#### RECORD EXCERPTS:
────────────────────────────────────────
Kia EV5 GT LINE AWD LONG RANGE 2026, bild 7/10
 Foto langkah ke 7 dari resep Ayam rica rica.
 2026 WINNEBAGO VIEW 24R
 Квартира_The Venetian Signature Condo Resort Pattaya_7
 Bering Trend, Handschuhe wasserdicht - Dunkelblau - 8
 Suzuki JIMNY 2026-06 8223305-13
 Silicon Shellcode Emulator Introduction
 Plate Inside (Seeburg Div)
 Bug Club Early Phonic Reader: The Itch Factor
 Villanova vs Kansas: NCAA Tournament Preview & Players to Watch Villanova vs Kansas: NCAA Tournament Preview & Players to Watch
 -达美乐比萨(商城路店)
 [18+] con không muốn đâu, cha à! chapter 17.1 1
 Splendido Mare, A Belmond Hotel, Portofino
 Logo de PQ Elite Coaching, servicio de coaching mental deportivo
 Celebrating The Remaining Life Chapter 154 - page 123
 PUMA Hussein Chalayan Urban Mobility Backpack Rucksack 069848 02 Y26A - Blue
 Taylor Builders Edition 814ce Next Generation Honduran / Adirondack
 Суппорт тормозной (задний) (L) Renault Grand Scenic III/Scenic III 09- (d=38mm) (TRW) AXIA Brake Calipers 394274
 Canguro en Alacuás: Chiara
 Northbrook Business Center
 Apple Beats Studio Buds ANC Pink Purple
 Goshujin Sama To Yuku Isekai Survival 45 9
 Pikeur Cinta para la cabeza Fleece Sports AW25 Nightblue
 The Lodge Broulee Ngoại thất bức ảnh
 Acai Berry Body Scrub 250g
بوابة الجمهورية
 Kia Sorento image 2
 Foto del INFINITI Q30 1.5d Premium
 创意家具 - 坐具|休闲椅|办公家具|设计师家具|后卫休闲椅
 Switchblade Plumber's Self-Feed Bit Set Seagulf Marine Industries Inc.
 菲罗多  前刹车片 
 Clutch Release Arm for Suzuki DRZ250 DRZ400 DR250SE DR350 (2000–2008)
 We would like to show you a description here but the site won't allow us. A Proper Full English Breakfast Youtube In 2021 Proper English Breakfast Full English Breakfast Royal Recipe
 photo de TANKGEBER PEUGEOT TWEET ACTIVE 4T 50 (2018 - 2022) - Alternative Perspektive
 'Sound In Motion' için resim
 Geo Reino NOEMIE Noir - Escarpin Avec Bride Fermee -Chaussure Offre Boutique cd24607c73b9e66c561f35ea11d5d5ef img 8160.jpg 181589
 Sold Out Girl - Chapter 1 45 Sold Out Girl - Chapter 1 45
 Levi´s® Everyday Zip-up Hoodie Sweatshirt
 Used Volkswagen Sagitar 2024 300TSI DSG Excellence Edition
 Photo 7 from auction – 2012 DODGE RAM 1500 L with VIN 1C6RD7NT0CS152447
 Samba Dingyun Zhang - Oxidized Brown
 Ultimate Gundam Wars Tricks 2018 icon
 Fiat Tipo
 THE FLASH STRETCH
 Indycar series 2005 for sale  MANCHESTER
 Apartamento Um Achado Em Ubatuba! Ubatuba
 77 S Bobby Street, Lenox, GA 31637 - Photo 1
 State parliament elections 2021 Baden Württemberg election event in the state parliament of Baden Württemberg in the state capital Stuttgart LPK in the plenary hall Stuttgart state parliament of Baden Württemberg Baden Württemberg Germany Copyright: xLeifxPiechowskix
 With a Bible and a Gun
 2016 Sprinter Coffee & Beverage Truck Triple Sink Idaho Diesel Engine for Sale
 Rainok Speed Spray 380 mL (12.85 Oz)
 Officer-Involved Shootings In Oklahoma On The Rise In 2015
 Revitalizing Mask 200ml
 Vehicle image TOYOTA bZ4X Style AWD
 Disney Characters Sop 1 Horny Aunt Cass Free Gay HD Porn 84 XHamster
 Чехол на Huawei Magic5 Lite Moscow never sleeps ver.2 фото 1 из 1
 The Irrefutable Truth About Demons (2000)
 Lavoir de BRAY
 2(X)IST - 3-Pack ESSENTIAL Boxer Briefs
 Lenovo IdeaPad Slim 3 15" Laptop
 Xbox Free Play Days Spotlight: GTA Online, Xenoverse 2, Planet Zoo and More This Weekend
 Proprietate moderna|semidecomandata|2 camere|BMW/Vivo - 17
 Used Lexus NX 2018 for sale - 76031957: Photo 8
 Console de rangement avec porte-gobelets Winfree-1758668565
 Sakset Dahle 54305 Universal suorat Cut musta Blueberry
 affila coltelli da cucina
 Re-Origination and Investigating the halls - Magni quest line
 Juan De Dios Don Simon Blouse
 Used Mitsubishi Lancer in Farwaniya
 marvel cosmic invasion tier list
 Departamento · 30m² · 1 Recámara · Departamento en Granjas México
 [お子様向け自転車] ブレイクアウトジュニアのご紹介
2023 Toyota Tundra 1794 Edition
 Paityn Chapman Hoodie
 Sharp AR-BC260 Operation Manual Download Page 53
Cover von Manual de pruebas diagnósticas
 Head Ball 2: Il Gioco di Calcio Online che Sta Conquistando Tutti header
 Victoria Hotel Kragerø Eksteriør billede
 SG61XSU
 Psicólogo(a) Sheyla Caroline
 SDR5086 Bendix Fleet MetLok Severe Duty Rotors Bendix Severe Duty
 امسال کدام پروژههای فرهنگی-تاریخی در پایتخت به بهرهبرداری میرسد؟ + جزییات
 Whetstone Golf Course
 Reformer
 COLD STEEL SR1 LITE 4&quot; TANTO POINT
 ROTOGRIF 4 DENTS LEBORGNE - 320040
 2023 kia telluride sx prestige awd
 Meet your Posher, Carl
────────────────────────────────────────
#### EXERCISE BRIEF:
Word for word, retype all of the entries above.

#### YOUR RESPONSE:
Kia EV5 GT LINE AWD LONG RANGE 2026, bild 7/10
 Foto langkah ke 7 dari resep Ayam rica rica.
 2026 WINNEBAGO VIEW 24R
 Квартира_The Venetian Signature Condo Resort Pattaya_7
 Bering Trend, Handschuhe wasserdicht - Dunkelblau - 8
 Suzuki JIMNY 2026-06 8223305-13
 Silicon Shellcode Emulator Introduction
 Plate Inside (Seeburg Div)
 Bug Club Early Phonic Reader: The Itch Factor
 Villanova vs Kansas: NCAA Tournament Preview & Players to Watch Villanova vs Kansas: NCAA Tournament Preview & Players to Watch
 -达美乐比萨(商城路店)
 [18+] con không muốn đâu, cha à! chapter 17.1 1
 Splendido Mare, A Belmond Hotel, Portofino
 Logo de PQ Elite Coaching, servicio de coaching mental deportivo
 Celebrating The Remaining Life Chapter 154 - page 123
 PUMA Hussein Chalayan Urban Mobility Backpack Rucksack 069848 02 Y26A - Blue
 Taylor Builders Edition 814ce Next Generation Honduran / Adirondack
 Суппорт тормозной (задний) (L) Renault Grand Scenic III/Scenic III 09- (d=38mm) (TRW) AXIA Brake Calipers 394274
 Canguro en Alacuás: Chiara
 Northbrook Business Center
 Apple Beats Studio Buds ANC Pink Purple
 Goshujin Sama To Yuku Isekai Survival 45 9
 Pikeur Cinta para la cabeza Fleece Sports AW25 Nightblue
 The Lodge Broulee Ngoại thất bức ảnh
 Acai Berry Body Scrub 250g
بوابة الجمهورية
 Kia Sorento image 2
 Foto del INFINITI Q30 1.5d Premium
 创意家具 - 坐具|休闲椅|办公家具|设计师家具|后卫休闲椅
 Switchblade Plumber's Self-Feed Bit Set Seagulf Marine Industries Inc.
 菲罗多  前刹车片 
 Clutch Release Arm for Suzuki DRZ250 DRZ400 DR250SE DR350 (2000–2008)
 We would like to show you a description here but the site won't allow us. A Proper Full English Breakfast Youtube In 2021 Proper English Breakfast Full English Breakfast Royal Recipe
 photo de TANKGEBER PEUGEOT TWEET ACTIVE 4T 50 (2018 - 2022) - Alternative Perspektive
 'Sound In Motion' için resim
 Geo Reino NOEMIE Noir - Escarpin Avec Bride Fermee -Chaussure Offre Boutique cd24607c73b9e66c561f35ea11d5d5ef img 8160.jpg 181589
 Sold Out Girl - Chapter 1 45 Sold Out Girl - Chapter 1 45
 Levi´s® Everyday Zip-up Hoodie Sweatshirt
 Used Volkswagen Sagitar 2024 300TSI DSG Excellence Edition
 Photo 7 from auction – 2012 DODGE RAM 1500 L with VIN 1C6RD7NT0CS152447
 Samba Dingyun Zhang - Oxidized Brown
 Ultimate Gundam Wars Tricks 2018 icon
 Fiat Tipo
 THE FLASH STRETCH
 Indycar series 2005 for sale  MANCHESTER
 Apartamento Um Achado Em Ubatuba! Ubatuba
 77 S Bobby Street, Lenox, GA 31637 - Photo 1
 State parliament elections 2021 Baden Württemberg election event in the state parliament of Baden Württemberg in the state capital Stuttgart LPK in the plenary hall Stuttgart state parliament of Baden Württemberg Baden Württemberg Germany Copyright: xLeifxPiechowskix
 With a Bible and a Gun
 2016 Sprinter Coffee & Beverage Truck Triple Sink Idaho Diesel Engine for Sale
 Rainok Speed Spray 380 mL (12.85 Oz)
 Officer-Involved Shootings In Oklahoma On The Rise In 2015
 Revitalizing Mask 200ml
 Vehicle image TOYOTA bZ4X Style AWD
 Disney Characters Sop 1 Horny Aunt Cass Free Gay HD Porn 84 XHamster
 Чехол на Huawei Magic5 Lite Moscow never sleeps ver.2 фото 1 из 1
 The Irrefutable Truth About Demons (2000)
 Lavoir de BRAY
 2(X)IST - 3-Pack ESSENTIAL Boxer Briefs
 Lenovo IdeaPad Slim 3 15" Laptop
 Xbox Free Play Days Spotlight: GTA Online, Xenoverse 2, Planet Zoo and More This Weekend
 Proprietate moderna|semidecomandata|2 camere|BMW/Vivo - 17
 Used Lexus NX 2018 for sale - 76031957: Photo 8
 Console de rangement avec porte-gobelets Winfree-1758668565
 Sakset Dahle 54305 Universal suorat Cut musta Blueberry
 affila coltelli da cucina
 Re-Origination and Investigating the halls - Magni quest line
 Juan De Dios Don Simon Blouse
 Used Mitsubishi Lancer in Farwaniya
 marvel cosmic invasion tier list
 Departamento · 30m² · 1 Recámara · Departamento en Granjas México
 [お子様向け自転車] ブレイクアウトジュニアのご紹介
2023 Toyota Tundra 1794 Edition
 Paityn Chapman Hoodie
 Sharp AR-BC260 Operation Manual Download Page 53
Cover von Manual de pruebas diagnósticas
 Head Ball 2: Il Gioco di Calcio Online che Sta Conquistando Tutti header
 Victoria Hotel Kragerø Eksteriør billede
 SG61XSU
 Psicólogo(a) Sheyla Caroline
 SDR5086 Bendix Fleet MetLok Severe Duty Rotors Bendix Severe Duty
 امسال کدام پروژههای فرهنگی-تاریخی در پایتخت به بهرهبرداری میرسد؟ + جزییات
 Whetstone Golf Course
 Reformer
 COLD STEEL SR1 LITE 4&quot; TANTO POINT
 ROTOGRIF 4 DENTS LEBORGNE - 320040
 2023 kia telluride sx prestige awd
 Meet your Posher, Carl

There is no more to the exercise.